Some of us spend our lives forever trying to recapture some kind of golden age—and if that’s what’s going on with Amy Helm, you can hardly blame her for trying. Especially since it’s not so much her star-studded upbringing that she most treasures, but her memories of a funky barn on her dad’s upstate New York property.
Helm’s father, of course, was Levon Helm, the Band’s charismatic and universally beloved drummer, singer, and mandolinist. Her mother, Libby Titus, is an underrated lyricist who was once Burt Bacharach’s songwriting partner. And Helm’s stepfather, for almost 30 years, has been Steely Dan main man Donald Fagen.
Award shows, movie premieres, private jets: Helm’s known them all. But when asked about her upbringing, the 46-year-old singer immediately zeroes in on the Midnight Rambles that Levon liked to organize on his Woodstock farm.
“I can certainly say that listening to ‘Black Friday’, sung by Donald and played by the Ramble band with my dad’s backbeat on it, was one of the cooler things that I’ve ever heard,” she says fondly, on the line from a Portland, Oregon, tour stop. “It was pretty great, I gotta tell you. It was just greasy enough.”

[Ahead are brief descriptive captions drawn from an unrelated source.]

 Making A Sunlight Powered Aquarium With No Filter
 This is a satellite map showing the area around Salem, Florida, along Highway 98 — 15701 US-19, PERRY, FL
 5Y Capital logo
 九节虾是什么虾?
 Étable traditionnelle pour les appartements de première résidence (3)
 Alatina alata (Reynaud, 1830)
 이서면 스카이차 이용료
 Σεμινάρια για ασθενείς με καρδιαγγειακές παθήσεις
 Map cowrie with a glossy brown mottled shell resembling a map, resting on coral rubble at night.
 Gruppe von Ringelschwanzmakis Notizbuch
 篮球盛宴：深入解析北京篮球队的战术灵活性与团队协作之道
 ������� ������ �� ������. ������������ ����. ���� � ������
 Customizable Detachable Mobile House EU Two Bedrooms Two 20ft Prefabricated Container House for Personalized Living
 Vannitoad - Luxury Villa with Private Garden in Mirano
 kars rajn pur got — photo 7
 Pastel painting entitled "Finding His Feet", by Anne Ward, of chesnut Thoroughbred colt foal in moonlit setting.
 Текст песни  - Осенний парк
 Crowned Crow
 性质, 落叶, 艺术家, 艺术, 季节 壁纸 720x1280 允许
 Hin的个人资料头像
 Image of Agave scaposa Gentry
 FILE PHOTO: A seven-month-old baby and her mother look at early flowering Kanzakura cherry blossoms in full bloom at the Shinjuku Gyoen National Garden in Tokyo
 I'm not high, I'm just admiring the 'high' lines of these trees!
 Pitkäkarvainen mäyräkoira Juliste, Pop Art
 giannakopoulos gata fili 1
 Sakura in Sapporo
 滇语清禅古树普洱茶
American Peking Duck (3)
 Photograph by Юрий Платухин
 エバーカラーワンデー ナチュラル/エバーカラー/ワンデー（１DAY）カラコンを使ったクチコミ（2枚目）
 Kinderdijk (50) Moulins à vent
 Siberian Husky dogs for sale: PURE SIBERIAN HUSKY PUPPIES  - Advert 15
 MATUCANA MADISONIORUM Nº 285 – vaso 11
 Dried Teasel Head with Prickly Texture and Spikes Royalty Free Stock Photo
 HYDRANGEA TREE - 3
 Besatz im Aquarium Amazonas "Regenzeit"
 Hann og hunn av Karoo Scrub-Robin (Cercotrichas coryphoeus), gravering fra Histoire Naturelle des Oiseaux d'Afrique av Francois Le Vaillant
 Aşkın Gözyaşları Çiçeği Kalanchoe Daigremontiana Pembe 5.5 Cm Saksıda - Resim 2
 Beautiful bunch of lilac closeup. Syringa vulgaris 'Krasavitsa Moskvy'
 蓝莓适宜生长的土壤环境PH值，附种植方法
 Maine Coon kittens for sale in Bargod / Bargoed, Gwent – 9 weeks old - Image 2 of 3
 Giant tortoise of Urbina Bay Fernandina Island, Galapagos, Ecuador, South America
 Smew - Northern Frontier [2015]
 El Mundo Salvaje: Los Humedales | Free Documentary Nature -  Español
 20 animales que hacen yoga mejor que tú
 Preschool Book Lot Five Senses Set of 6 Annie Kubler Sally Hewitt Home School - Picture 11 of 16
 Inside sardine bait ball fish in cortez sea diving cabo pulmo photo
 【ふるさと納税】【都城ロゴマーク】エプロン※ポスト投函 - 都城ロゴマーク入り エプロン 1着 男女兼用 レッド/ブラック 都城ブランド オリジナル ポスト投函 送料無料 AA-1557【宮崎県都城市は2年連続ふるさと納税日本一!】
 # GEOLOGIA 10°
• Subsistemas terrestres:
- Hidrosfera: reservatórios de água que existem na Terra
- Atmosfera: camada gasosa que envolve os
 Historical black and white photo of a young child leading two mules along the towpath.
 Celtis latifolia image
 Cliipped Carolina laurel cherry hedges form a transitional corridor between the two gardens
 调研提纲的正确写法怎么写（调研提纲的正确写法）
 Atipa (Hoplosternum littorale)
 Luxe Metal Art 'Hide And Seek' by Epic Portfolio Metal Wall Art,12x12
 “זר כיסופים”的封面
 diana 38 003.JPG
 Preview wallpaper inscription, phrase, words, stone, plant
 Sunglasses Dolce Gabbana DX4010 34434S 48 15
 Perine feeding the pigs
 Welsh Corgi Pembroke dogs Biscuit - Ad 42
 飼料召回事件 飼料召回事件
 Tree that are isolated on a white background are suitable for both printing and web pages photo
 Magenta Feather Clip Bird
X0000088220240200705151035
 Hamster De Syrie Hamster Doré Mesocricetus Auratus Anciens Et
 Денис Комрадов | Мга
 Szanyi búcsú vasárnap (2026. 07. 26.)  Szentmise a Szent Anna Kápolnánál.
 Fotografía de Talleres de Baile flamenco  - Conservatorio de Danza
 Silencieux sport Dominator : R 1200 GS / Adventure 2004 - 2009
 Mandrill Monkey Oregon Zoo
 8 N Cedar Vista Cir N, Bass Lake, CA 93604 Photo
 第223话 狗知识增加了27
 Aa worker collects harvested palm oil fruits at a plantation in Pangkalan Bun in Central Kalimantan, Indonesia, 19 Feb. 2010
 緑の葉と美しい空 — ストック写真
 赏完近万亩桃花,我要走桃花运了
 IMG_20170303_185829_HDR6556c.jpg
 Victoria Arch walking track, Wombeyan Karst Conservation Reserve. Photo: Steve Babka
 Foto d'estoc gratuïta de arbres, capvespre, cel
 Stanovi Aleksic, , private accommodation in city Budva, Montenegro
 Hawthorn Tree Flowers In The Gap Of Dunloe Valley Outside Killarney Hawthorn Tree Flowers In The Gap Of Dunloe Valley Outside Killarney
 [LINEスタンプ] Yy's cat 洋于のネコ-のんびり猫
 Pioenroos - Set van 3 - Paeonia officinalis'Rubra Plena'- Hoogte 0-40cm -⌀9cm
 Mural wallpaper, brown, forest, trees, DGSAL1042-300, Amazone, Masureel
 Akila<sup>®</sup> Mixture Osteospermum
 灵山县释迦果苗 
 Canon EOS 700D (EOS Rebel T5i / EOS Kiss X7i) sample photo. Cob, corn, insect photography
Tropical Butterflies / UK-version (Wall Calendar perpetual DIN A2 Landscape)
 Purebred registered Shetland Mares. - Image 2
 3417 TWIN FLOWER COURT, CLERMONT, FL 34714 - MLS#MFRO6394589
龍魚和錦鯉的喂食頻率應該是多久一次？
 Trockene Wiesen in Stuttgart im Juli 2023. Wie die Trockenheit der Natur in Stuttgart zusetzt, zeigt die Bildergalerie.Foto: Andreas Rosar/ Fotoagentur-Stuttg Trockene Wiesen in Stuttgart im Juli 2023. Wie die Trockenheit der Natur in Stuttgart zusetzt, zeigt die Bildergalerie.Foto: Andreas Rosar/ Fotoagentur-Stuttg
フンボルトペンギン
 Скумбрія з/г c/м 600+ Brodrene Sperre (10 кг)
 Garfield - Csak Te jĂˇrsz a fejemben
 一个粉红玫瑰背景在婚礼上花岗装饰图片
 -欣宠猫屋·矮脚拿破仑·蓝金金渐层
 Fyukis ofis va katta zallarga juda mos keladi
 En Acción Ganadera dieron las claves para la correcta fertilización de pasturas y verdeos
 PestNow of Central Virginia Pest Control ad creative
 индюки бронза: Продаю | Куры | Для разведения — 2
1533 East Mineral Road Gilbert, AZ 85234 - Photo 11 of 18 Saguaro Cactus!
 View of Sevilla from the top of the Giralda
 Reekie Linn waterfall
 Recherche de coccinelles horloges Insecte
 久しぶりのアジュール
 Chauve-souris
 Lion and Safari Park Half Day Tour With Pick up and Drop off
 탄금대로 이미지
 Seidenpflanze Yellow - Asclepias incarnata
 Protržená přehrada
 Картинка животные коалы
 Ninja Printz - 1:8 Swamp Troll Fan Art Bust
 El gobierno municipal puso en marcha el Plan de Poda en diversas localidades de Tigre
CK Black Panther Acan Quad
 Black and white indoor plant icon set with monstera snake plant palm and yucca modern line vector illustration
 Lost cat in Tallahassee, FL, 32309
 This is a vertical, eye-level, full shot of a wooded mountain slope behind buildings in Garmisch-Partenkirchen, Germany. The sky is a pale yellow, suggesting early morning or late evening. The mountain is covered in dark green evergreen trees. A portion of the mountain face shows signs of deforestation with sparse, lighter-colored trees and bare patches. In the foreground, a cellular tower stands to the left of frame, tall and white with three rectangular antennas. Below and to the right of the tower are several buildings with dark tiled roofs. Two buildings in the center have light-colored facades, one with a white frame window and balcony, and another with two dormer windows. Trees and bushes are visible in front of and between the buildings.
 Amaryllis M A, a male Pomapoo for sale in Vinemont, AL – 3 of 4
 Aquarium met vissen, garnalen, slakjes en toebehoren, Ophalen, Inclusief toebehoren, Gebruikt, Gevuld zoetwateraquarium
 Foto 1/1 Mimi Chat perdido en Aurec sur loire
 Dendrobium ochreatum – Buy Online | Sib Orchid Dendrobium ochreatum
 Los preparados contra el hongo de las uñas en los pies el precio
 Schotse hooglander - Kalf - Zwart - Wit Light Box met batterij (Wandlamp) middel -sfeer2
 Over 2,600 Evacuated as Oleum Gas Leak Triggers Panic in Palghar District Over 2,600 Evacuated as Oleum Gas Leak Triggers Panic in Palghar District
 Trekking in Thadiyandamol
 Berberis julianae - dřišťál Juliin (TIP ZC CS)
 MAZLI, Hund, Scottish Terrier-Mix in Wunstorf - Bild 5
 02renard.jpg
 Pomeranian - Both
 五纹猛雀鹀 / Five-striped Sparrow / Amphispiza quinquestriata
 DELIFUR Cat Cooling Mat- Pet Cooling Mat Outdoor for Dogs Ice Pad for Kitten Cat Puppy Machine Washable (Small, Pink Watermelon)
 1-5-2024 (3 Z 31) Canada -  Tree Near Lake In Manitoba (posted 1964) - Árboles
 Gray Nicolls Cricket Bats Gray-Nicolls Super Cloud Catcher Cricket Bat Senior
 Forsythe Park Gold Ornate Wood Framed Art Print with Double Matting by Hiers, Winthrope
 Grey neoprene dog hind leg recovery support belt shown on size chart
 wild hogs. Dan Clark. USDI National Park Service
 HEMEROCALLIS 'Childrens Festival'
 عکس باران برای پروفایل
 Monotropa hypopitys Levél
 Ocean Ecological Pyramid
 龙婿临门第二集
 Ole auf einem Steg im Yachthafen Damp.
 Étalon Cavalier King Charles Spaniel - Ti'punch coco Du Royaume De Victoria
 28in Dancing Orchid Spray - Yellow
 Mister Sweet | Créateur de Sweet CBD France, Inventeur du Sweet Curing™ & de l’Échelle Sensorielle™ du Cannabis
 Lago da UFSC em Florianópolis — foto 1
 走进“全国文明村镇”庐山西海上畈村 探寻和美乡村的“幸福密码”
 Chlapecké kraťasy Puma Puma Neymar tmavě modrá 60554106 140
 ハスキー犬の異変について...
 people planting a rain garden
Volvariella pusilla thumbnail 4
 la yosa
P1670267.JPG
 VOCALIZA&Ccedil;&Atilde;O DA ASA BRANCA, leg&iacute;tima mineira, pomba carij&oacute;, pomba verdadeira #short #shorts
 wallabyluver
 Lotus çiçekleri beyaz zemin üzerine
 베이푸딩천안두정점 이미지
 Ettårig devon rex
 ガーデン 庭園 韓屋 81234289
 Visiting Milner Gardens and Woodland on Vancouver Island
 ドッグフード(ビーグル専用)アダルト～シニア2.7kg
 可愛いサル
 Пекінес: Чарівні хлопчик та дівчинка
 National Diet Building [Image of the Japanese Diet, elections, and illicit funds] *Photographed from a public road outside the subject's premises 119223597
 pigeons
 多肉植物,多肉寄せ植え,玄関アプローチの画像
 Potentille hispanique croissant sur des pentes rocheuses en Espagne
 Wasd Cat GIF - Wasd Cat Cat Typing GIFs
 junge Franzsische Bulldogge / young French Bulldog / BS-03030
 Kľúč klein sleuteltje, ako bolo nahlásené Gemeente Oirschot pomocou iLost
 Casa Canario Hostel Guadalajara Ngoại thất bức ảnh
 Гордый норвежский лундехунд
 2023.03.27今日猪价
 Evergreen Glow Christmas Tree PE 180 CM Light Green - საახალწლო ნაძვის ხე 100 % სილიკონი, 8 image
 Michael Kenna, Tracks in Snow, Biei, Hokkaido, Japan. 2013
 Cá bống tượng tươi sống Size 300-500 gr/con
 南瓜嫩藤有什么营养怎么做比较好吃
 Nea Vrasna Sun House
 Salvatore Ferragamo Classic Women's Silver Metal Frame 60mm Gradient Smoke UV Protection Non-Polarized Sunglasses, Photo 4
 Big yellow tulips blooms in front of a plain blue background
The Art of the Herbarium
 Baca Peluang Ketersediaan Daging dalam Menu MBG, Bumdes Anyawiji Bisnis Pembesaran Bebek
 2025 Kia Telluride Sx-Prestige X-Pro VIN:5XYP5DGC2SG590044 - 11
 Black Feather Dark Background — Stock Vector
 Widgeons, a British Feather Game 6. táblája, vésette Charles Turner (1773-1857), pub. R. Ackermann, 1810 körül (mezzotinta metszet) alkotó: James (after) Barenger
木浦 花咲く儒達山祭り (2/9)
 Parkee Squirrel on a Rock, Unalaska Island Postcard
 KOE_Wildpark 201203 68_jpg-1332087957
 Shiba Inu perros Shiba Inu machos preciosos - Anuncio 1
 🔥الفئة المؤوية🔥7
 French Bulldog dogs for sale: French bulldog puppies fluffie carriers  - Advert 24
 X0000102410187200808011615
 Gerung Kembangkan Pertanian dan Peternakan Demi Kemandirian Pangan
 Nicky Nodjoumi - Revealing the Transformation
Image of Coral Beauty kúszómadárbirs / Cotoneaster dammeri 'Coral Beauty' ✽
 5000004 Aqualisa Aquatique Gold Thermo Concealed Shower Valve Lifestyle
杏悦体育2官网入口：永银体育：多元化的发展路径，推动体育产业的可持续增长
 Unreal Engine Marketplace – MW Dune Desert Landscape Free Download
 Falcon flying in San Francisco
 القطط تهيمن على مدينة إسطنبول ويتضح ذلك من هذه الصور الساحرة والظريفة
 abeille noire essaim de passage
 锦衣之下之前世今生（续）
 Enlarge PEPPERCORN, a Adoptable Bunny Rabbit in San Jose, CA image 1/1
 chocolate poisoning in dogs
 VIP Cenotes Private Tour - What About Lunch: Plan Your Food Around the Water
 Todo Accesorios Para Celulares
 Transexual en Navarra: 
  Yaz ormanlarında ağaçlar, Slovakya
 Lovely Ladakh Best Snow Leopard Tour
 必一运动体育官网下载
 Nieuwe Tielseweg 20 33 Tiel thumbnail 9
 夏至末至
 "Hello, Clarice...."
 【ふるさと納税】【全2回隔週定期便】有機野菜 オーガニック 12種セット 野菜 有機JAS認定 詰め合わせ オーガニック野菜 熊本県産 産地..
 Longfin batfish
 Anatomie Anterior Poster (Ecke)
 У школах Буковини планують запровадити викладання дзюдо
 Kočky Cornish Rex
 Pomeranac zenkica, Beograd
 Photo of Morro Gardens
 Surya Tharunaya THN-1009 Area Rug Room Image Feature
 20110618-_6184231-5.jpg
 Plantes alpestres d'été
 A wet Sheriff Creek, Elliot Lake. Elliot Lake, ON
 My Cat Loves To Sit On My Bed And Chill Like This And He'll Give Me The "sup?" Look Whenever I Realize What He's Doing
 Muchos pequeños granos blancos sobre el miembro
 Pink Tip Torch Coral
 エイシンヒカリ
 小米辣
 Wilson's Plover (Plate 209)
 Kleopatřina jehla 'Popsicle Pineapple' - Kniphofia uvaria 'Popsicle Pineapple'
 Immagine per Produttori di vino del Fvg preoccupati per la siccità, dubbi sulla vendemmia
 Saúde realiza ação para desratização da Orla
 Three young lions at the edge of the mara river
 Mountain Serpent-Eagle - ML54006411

And while the avowed template for the new and as-yet-untitled album that Helm has just finished recording is Motel Shot, Delaney and Bonnie Bramlett’s warts-and-all impression of a postgig jam session with Leon Russell, Joe Cocker, John Hartford, and Gram Parsons, the spirit of the Ramble was very much present in the studio.
“The intention of the record was to sort of create a sound that sounded like community, that sounded like a whole bunch of people hanging out in a room making music—very live, very spontaneous,” Helm says. “The centrepiece of the album is a lot of keyboards, and lots and lots of vocals. I actually featured a singer who you may be familiar with named Ali Russell, from a band called Birds of Chicago, and another fantastic singer who I work with a lot named Adam Minkoff, and Ali’s husband, JT Nero. The three of them were my choir, so a lot of the songs have that sound as their centre.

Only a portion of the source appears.